I'm writing a function where I need a significant amount of heap memory. Is it possible to tell the compiler that those data will be accessed frequently within a specific for loop, so as to improve performance (through compile options or similar)?
The reason I cannot use the stack is that the number of elements I need to store is big, and I get segmentation fault if I try to do it.
Right now the code is working but I think it could be faster.
UPDATE:
I'm doing something like this
vector< set<uint> > vec(node_vec.size());
for(uint i = 0; i < node_vec.size(); i++)
for(uint j = i+1; j < node_vec.size(); j++)

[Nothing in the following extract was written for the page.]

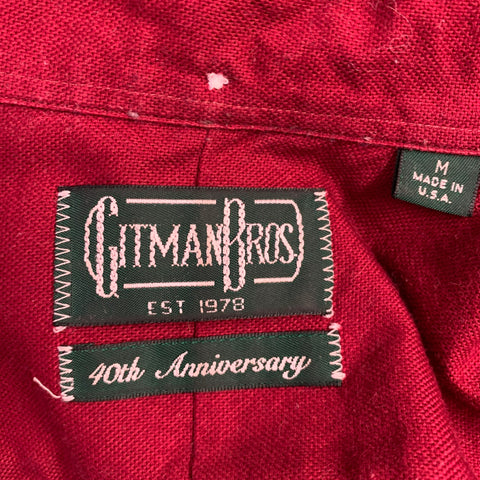 GITMAN BROS Size M Burgundy Cotton One Pocket Long Sleeve Shirt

// some computation, basic math, store the result in variable x
if( x > threshold ) {
vec[i].insert(j);
vec[j].insert(i);
}
some details:
- I used hash_set, little improvement, beside the fact that hash_set is not available in all machines I have for simulation purposes
- I tried to allocate vec on the stack using arrays but, as I said, I might get segmentation fault if the number of elements is too big
If node_vec.size() is, say, equal to k, where k is of the order of a few thousands, I expect vec to be 4 or 5 times bigger than node_vec. With this order of magnitude the code appears to be slow, considering the fact that I have to run it many times. Of course, I am using multithreading to parallelize these calls, but I can't get the function per se to run much faster than what I'm seeing right now.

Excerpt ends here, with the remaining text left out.